Output the data below exactly as it is, dropping the pictures from your copy.

**INFORMATION PROVIDED**.
:::::

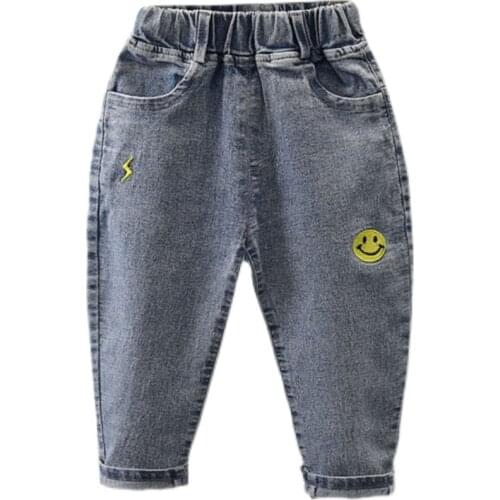 Top Quality Spring Kids Jeans Children Pants Boys Jean Girls Denim Trousers Child Clothing Boys Clothes 2-7T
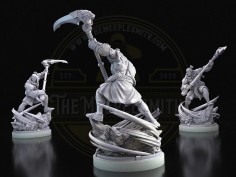 Savage Warlord – Barbarian Warrior Miniature 2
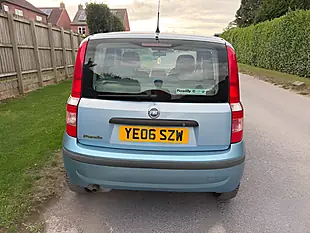 Used 2006 Fiat Panda Eleganza Blue - Interior and Exterior details 4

:::::

**TASK SOLUTION**.
 Top Quality Spring Kids Jeans Children Pants Boys Jean Girls Denim Trousers Child Clothing Boys Clothes 2-7T
 Savage Warlord – Barbarian Warrior Miniature 2
 Used 2006 Fiat Panda Eleganza Blue - Interior and Exterior details 4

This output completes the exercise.